[Source data]
-=-=-

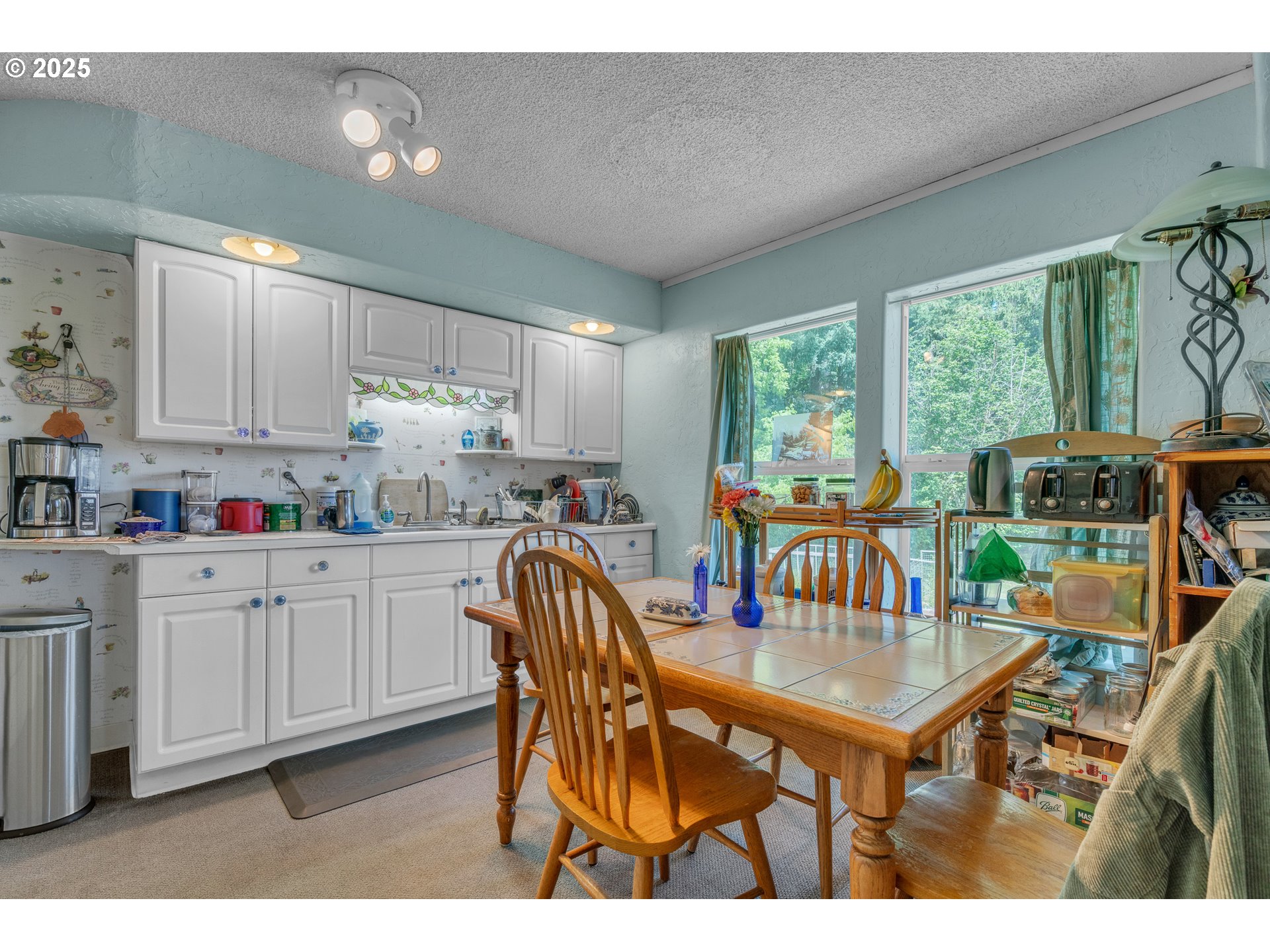 16163 French Prairie Road Northeast Woodburn, OR 97071 - Photo 9 of 47 a dinning table and chairs in a kitchen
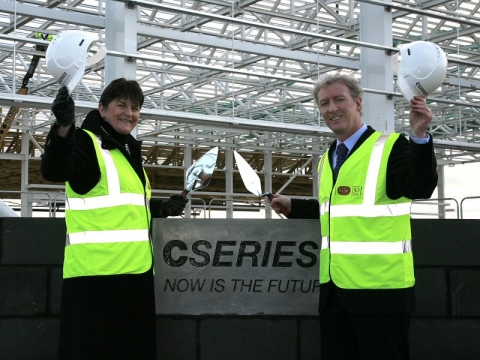 Michael Ryan, Vice President and General Manager, Bombardier Aerospace, Belfast, and Northern Ireland Enterprise Minister Arlene Foster are pictured laying a special corner stone to mark the construction of Bombardier&#039;s new CSeries aircraft wing manufacturing and assembly facility.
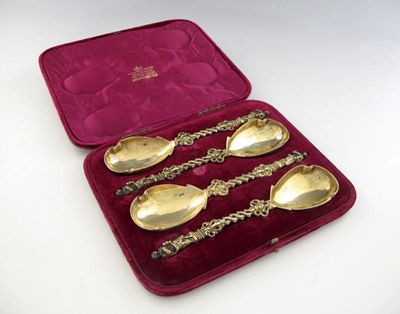 Appraisal: A cased set of four Victorian silver-gilt serving spoons pierced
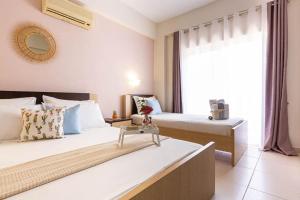 ein Hotelzimmer mit zwei Betten und einem Fenster in der Unterkunft Potam'Sea Bliss 8 - Beach Front, Sun Beds & Parking in Himarë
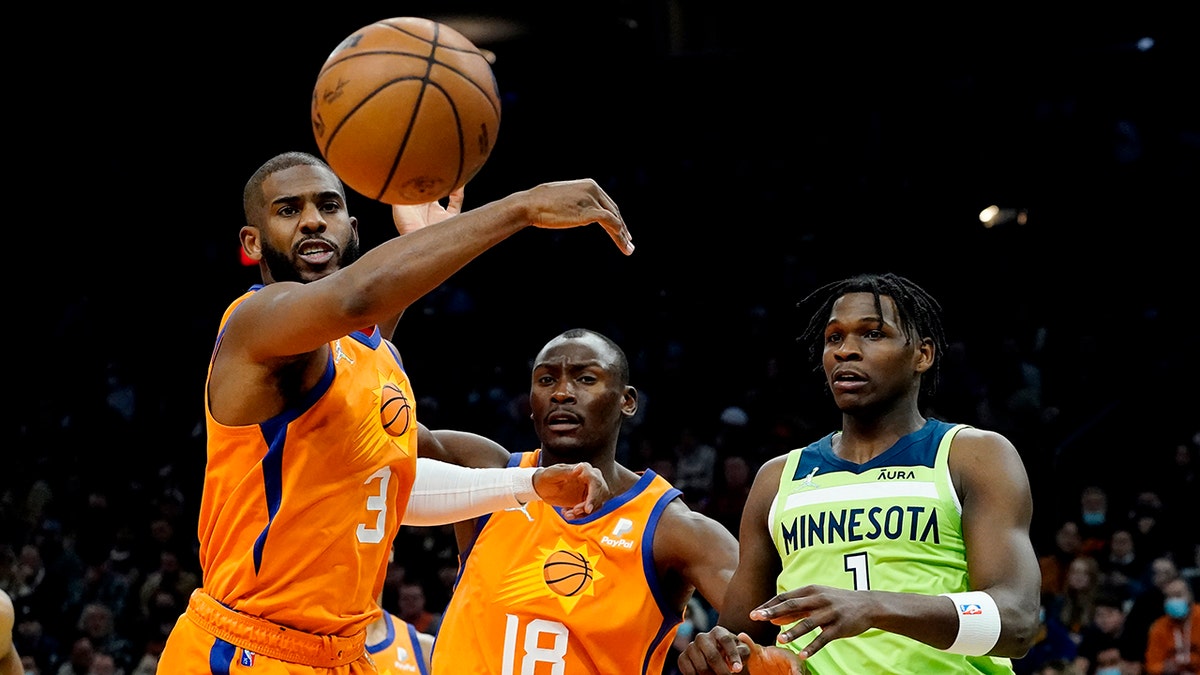 Phoenix Suns guard Chris Paul (3) reaches for a loose ball as Minnesota Timberwolves forward Anthony Edwards (1) and Phoenix Suns center Bismack Biyombo (18) look on during the first half of an NBA basketball game, Friday, Jan. 28, 2022, in Phoenix.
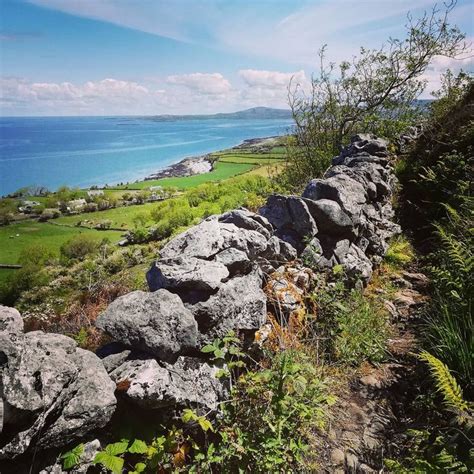 a stone wall on the side of a hill overlooking water and land in the ...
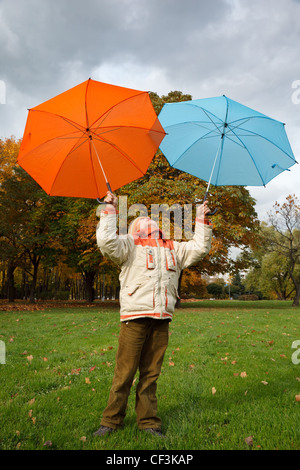 Boy in autumn park. Holds over head two colour umbrellas under cloudy sky. Stock Photo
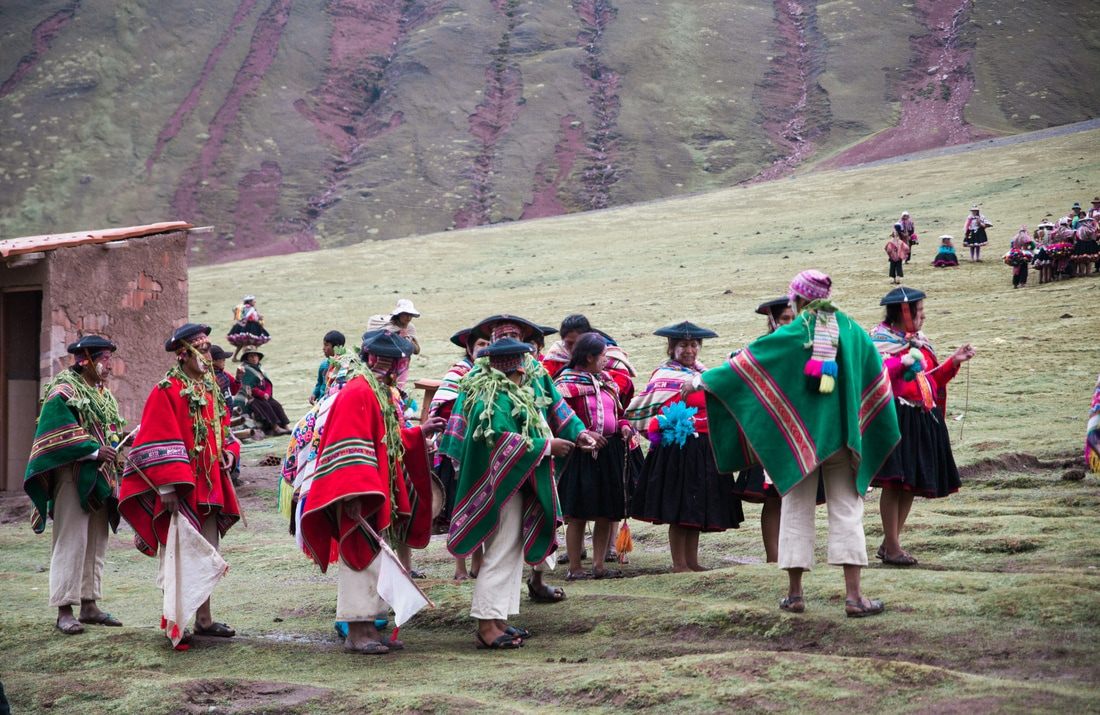 Hikers walking the trail toward Rainbow Mountain in the Cusco region of Peru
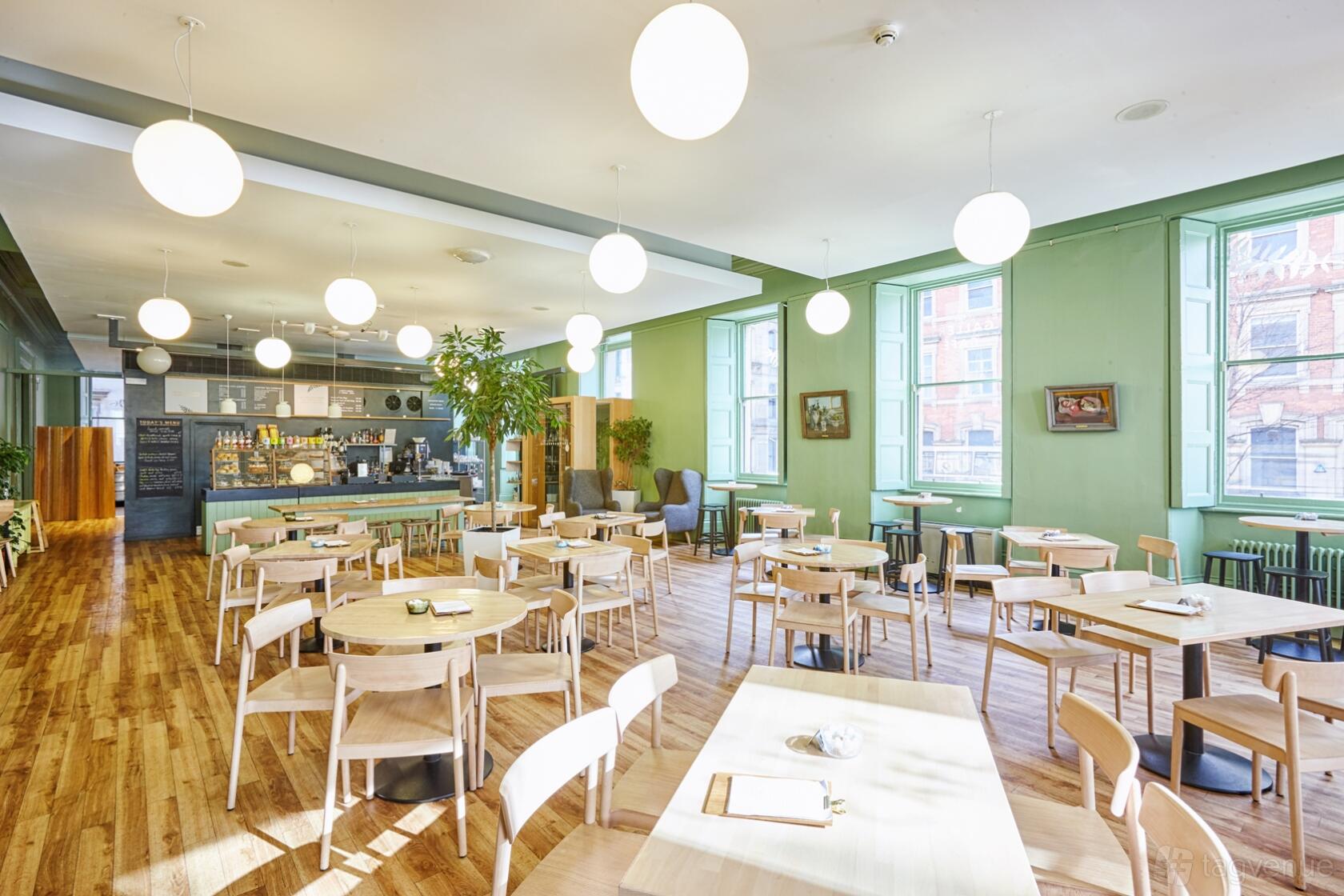 A gallery café with round wooden tables, pale chairs, globe pendant lights, and tall windows at Manchester Art Gallery.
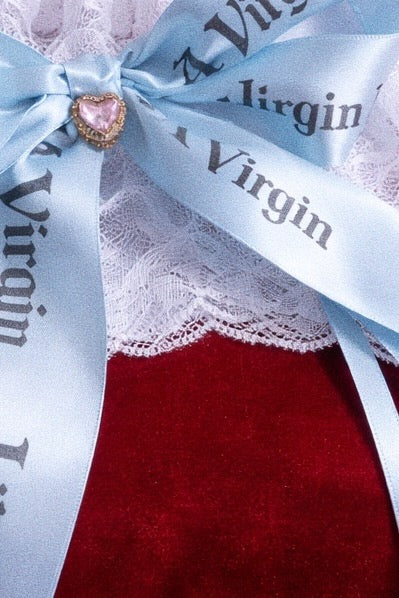 Close-up of baby blue Like A Virgin satin bow wedding garter with Austrian crystal heart and stretch lace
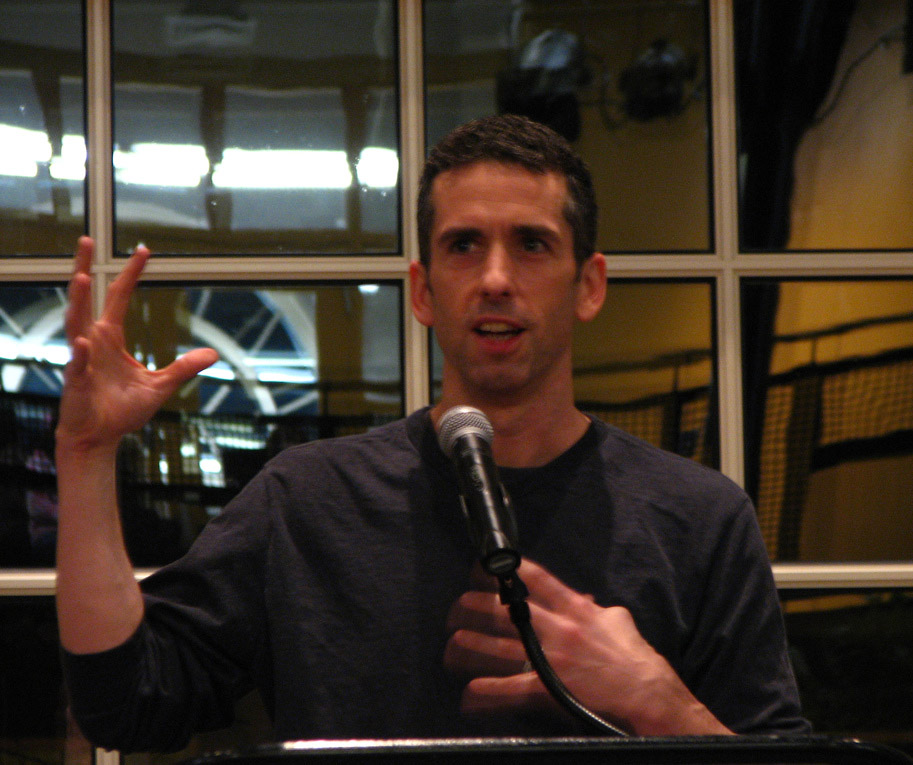 A man speaks in front of a microphone, one hand raised.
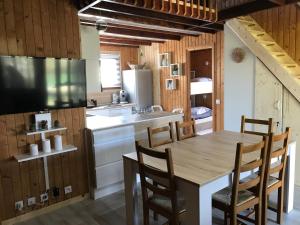 a kitchen with a table and chairs and a sink at Le Chalet du Lac - Domaine de la Goujonne in Saint-Sauveur-lès-Bray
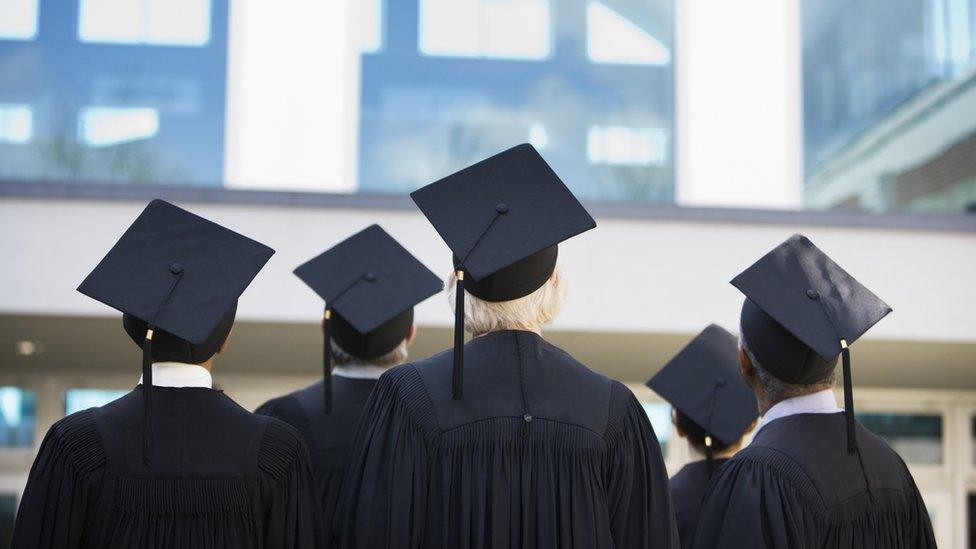 Graduates wearing caps and gowns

-=-=-

● WORK TO BE COMPLETED
Except for the pictures, write the data out exactly.

● OUTPUT OF THE EXERCISE
 16163 French Prairie Road Northeast Woodburn, OR 97071 - Photo 9 of 47 a dinning table and chairs in a kitchen
 Michael Ryan, Vice President and General Manager, Bombardier Aerospace, Belfast, and Northern Ireland Enterprise Minister Arlene Foster are pictured laying a special corner stone to mark the construction of Bombardier&#039;s new CSeries aircraft wing manufacturing and assembly facility.
 Appraisal: A cased set of four Victorian silver-gilt serving spoons pierced
 ein Hotelzimmer mit zwei Betten und einem Fenster in der Unterkunft Potam'Sea Bliss 8 - Beach Front, Sun Beds & Parking in Himarë
 Phoenix Suns guard Chris Paul (3) reaches for a loose ball as Minnesota Timberwolves forward Anthony Edwards (1) and Phoenix Suns center Bismack Biyombo (18) look on during the first half of an NBA basketball game, Friday, Jan. 28, 2022, in Phoenix.
 a stone wall on the side of a hill overlooking water and land in the ...
 Boy in autumn park. Holds over head two colour umbrellas under cloudy sky. Stock Photo
 Hikers walking the trail toward Rainbow Mountain in the Cusco region of Peru
 A gallery café with round wooden tables, pale chairs, globe pendant lights, and tall windows at Manchester Art Gallery.
 Close-up of baby blue Like A Virgin satin bow wedding garter with Austrian crystal heart and stretch lace
 A man speaks in front of a microphone, one hand raised.
 a kitchen with a table and chairs and a sink at Le Chalet du Lac - Domaine de la Goujonne in Saint-Sauveur-lès-Bray
 Graduates wearing caps and gowns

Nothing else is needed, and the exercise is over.